MoviePass’s finances show it’s a deal that really is too good to be true

For $9.95 per month, MoviePass will allow you to see one 2D movie per week (or up to four per month) in participating movie theaters (this is different from the company’s previous plan, which allowed yo to see one movie per day for the same cost). Since this is less than the price of a usual movie ticket, it’s a pretty sweet deal.

The thing that many have wondered is how MoviePass is making money because after all, the company is paying theaters full price for movie tickets. Now, some new insight provided by a Business Insider report shows that an external auditor has “substantial doubt about the Company’s ability to continue as a going concern” based on MoviePass’s 10-K filing.

The auditor, Rosenberg Rich Baker Berman & Co., had specific concerns about the negative cash flows that MoviePass reported. Due to the level of losses, the auditors are questing the viability of the company over the next year.

Ever since the MoviePass dropped its subscription price last year, the company has attracted over 2 million subscribers. The issue here isn’t the fact that they’re attracting subscribers but the fact that with the current business model, each customer costs them money every time they go see a movie. This is the reason why they reported a $150.8 million loss.
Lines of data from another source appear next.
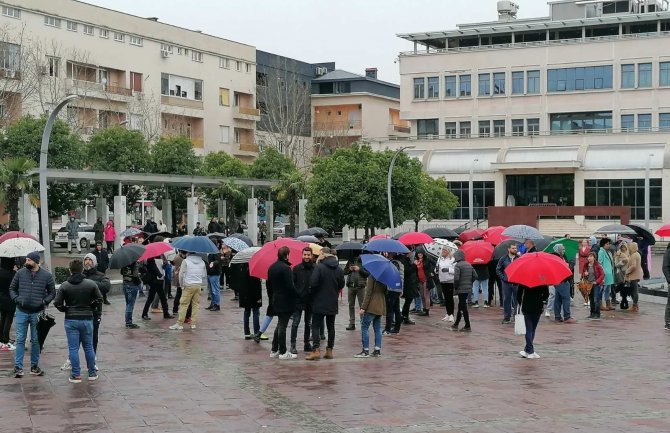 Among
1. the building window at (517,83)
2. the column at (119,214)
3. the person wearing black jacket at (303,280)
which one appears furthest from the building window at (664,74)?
the person wearing black jacket at (303,280)

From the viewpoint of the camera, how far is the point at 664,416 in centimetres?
1070

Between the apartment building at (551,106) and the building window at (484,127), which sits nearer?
the apartment building at (551,106)

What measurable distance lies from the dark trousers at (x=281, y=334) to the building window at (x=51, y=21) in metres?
48.2

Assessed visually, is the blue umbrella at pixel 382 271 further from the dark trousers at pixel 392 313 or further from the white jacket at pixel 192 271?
the white jacket at pixel 192 271

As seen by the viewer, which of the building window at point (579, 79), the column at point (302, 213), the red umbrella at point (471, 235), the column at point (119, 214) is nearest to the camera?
the red umbrella at point (471, 235)

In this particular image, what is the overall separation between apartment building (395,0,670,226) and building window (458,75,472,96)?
7cm

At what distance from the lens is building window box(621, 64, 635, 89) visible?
6288 centimetres

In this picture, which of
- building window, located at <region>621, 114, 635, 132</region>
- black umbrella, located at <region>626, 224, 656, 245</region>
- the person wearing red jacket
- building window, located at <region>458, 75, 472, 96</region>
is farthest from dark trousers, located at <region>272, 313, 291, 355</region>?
building window, located at <region>458, 75, 472, 96</region>

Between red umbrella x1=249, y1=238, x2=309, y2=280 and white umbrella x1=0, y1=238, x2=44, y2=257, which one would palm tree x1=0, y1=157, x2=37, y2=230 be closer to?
white umbrella x1=0, y1=238, x2=44, y2=257

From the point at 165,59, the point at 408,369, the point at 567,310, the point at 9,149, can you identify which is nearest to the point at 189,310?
the point at 408,369

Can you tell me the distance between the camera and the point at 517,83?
66812 mm

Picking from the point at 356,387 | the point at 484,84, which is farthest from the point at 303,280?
the point at 484,84

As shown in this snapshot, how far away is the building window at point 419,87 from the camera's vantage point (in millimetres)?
70062

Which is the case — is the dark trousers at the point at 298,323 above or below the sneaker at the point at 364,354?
above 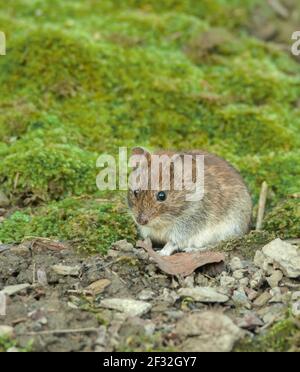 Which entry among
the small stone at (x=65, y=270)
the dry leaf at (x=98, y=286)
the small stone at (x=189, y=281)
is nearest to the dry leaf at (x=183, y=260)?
the small stone at (x=189, y=281)

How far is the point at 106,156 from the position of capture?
26.8ft

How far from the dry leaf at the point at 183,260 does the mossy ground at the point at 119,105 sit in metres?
0.45

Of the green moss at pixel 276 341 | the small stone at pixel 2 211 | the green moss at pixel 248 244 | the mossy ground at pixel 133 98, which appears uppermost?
the mossy ground at pixel 133 98

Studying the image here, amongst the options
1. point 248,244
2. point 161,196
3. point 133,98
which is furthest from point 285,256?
point 133,98

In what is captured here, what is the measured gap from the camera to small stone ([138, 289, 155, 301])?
5762mm

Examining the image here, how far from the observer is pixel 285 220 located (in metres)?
7.11

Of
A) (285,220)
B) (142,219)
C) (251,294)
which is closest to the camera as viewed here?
(251,294)

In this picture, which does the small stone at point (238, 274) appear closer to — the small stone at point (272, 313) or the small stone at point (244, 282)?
the small stone at point (244, 282)

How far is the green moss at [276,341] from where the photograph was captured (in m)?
5.08

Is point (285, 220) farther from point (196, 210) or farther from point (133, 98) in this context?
point (133, 98)

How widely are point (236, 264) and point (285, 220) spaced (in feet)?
3.19

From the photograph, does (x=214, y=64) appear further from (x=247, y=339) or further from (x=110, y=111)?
(x=247, y=339)

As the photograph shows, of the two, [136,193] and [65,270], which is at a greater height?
[136,193] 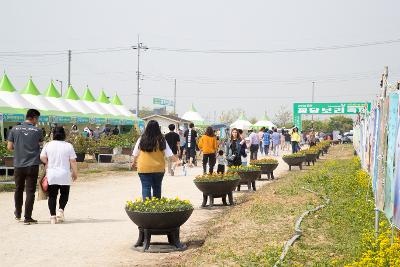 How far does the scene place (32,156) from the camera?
9.73 meters

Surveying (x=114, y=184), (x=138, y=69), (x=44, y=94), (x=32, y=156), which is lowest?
(x=114, y=184)

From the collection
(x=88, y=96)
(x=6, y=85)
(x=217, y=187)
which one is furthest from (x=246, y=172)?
(x=88, y=96)

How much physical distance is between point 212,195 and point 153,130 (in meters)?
3.40

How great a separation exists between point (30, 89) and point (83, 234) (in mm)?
22204

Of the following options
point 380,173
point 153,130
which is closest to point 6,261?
point 153,130

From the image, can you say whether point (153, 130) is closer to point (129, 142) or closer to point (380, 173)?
point (380, 173)

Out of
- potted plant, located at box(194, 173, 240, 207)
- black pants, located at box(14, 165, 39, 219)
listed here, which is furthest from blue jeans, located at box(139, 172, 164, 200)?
potted plant, located at box(194, 173, 240, 207)

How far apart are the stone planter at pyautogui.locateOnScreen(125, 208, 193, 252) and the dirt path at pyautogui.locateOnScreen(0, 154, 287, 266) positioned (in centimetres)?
25

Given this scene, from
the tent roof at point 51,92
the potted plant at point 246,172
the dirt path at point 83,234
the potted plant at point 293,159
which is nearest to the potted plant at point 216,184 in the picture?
the dirt path at point 83,234

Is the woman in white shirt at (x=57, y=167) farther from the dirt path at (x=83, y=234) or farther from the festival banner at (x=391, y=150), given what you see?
the festival banner at (x=391, y=150)

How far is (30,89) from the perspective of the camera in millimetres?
29344

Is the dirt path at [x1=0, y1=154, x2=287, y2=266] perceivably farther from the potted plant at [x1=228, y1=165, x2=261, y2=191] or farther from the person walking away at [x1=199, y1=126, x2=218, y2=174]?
the person walking away at [x1=199, y1=126, x2=218, y2=174]

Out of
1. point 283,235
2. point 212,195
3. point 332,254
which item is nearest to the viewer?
point 332,254

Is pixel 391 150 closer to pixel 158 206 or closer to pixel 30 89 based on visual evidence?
pixel 158 206
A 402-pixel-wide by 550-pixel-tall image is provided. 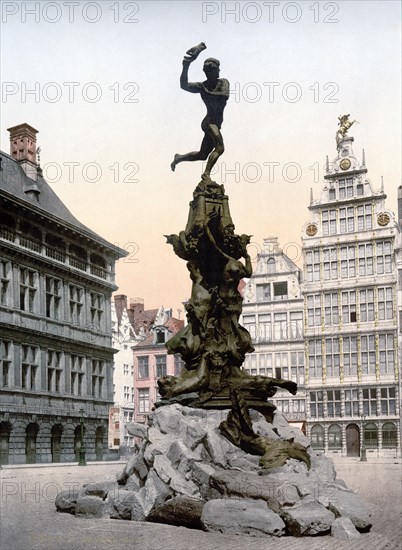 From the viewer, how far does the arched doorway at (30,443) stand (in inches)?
1447

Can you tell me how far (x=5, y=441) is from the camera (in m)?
35.1

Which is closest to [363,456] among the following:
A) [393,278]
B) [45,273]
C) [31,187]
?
[393,278]

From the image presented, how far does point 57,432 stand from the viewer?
39.2 metres

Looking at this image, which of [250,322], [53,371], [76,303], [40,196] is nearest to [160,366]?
[53,371]

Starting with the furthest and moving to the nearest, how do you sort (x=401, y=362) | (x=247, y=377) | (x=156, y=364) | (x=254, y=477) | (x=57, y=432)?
(x=401, y=362)
(x=156, y=364)
(x=57, y=432)
(x=247, y=377)
(x=254, y=477)

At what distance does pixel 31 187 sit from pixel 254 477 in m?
31.6

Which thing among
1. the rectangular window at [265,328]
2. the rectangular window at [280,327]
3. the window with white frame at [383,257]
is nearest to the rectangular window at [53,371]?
the rectangular window at [265,328]

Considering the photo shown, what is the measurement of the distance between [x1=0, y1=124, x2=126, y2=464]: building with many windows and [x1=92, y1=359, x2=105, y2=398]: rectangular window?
51 millimetres

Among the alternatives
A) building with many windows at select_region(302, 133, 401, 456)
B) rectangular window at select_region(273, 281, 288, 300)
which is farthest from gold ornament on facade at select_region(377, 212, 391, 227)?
rectangular window at select_region(273, 281, 288, 300)

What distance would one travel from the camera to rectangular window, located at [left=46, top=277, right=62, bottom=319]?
40125mm

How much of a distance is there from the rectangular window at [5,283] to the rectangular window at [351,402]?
70.0ft

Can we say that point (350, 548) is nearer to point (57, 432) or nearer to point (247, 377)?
point (247, 377)

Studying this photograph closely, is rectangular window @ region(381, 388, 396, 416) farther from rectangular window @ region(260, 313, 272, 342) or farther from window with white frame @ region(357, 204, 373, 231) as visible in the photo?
window with white frame @ region(357, 204, 373, 231)

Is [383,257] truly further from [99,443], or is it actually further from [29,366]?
[29,366] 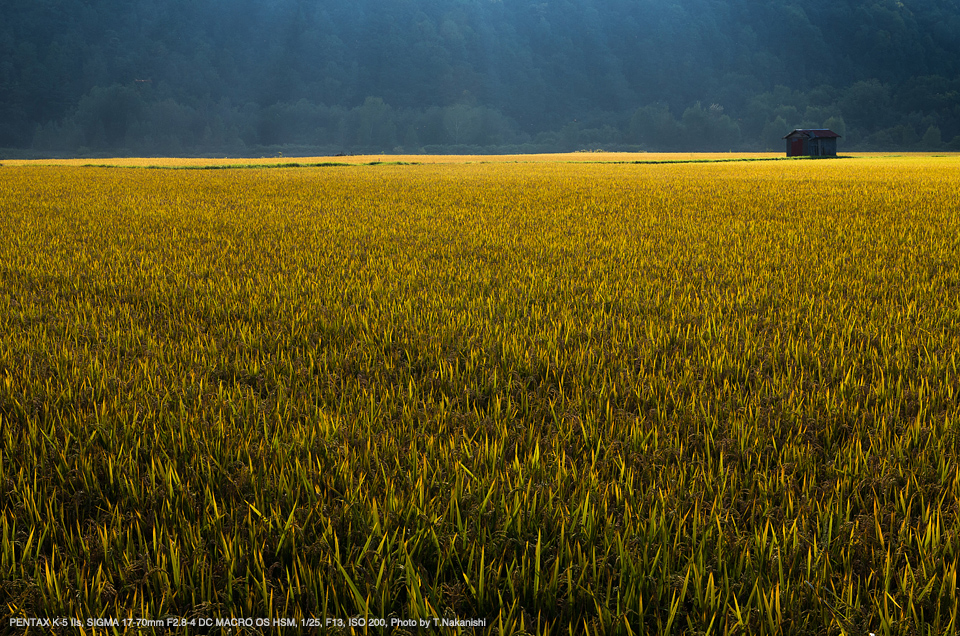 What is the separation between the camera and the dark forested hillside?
144 metres

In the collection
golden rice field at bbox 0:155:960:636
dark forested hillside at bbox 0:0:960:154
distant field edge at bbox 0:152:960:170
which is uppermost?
dark forested hillside at bbox 0:0:960:154

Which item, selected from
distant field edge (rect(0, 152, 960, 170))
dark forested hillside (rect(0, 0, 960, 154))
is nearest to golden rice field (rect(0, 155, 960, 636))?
distant field edge (rect(0, 152, 960, 170))

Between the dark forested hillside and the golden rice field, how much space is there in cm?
12244

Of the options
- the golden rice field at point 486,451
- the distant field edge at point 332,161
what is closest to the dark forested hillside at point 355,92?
the distant field edge at point 332,161

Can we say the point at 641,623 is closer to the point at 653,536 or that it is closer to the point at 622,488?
the point at 653,536

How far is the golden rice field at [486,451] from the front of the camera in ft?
5.13

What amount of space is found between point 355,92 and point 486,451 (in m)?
192

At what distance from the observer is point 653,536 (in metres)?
1.76

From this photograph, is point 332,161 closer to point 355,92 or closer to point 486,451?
point 486,451

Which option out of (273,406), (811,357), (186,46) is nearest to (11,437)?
(273,406)

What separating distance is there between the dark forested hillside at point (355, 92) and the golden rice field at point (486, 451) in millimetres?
122436

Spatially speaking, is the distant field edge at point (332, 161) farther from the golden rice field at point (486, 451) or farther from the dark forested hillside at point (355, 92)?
the dark forested hillside at point (355, 92)

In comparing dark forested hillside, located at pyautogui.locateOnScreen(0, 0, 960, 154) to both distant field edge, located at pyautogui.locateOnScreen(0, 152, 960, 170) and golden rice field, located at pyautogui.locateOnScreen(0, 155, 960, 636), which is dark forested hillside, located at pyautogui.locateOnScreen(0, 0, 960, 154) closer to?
distant field edge, located at pyautogui.locateOnScreen(0, 152, 960, 170)

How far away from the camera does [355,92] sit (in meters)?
180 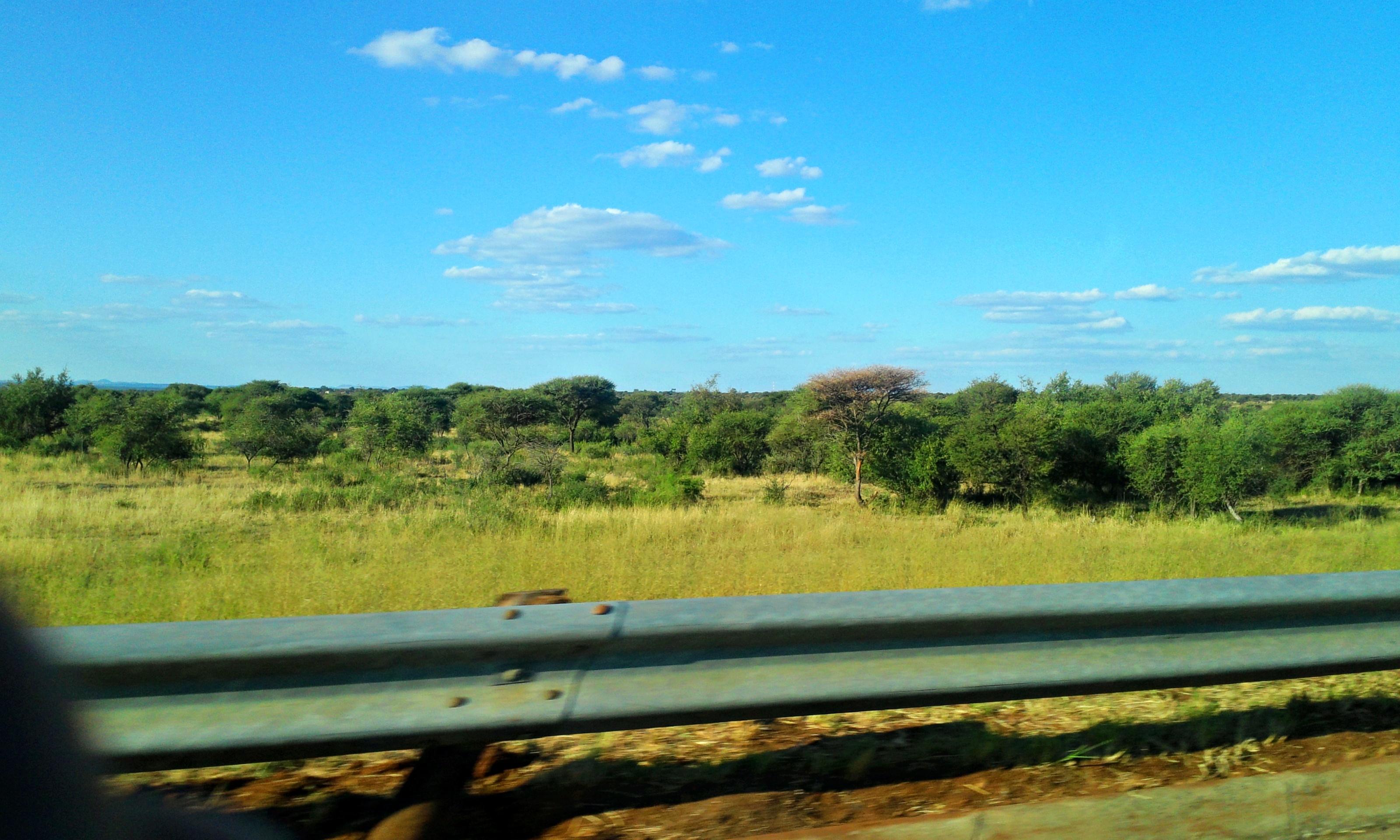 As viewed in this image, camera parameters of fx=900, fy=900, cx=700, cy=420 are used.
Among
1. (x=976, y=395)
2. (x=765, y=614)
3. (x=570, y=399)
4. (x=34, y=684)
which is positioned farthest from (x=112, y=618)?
(x=976, y=395)

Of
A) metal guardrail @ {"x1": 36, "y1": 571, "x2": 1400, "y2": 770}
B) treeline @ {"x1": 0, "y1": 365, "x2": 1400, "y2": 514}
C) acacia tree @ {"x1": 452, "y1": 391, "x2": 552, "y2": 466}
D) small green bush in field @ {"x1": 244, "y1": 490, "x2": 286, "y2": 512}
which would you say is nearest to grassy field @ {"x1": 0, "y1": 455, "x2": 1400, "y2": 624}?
small green bush in field @ {"x1": 244, "y1": 490, "x2": 286, "y2": 512}

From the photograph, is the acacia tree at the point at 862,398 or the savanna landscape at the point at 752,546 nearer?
the savanna landscape at the point at 752,546

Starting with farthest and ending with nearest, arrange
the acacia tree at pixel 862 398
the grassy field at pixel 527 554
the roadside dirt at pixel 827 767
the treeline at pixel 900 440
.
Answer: the acacia tree at pixel 862 398 → the treeline at pixel 900 440 → the grassy field at pixel 527 554 → the roadside dirt at pixel 827 767

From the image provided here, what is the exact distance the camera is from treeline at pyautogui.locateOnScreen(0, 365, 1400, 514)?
72.4 ft

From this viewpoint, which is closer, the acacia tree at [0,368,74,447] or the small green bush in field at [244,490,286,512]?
the small green bush in field at [244,490,286,512]

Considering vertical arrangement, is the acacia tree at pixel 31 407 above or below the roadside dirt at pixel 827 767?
above

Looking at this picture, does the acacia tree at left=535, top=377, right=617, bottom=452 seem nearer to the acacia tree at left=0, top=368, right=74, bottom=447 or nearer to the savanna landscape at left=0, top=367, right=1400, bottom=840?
the savanna landscape at left=0, top=367, right=1400, bottom=840

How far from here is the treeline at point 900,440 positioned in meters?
22.1

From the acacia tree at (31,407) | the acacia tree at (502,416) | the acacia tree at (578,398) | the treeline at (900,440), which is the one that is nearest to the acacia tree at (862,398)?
the treeline at (900,440)

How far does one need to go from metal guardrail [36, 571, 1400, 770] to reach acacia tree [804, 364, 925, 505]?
79.0 feet

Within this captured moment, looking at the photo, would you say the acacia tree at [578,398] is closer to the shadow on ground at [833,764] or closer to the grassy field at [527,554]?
the grassy field at [527,554]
While the company reported losses, it isn’t uncommon for a startup to go through cash while it’s trying to get everything up and running. Though, the concern here is that MoviePass needs to develop a business model that is profitable, but for now, the company is relying on outside investment for funding, as many startups usually do.

Hamza Khalid

Hamza Khalid is the Lead Editor at The Jolt Journal. You're more than welcome to follow him on Twitter and follow The Jolt Journal on Twitter and Facebook. If you have any questions, concerns, or need to report something in this article, please send our team an email at [email protected]. This story may be updated at any time if new information surfaces.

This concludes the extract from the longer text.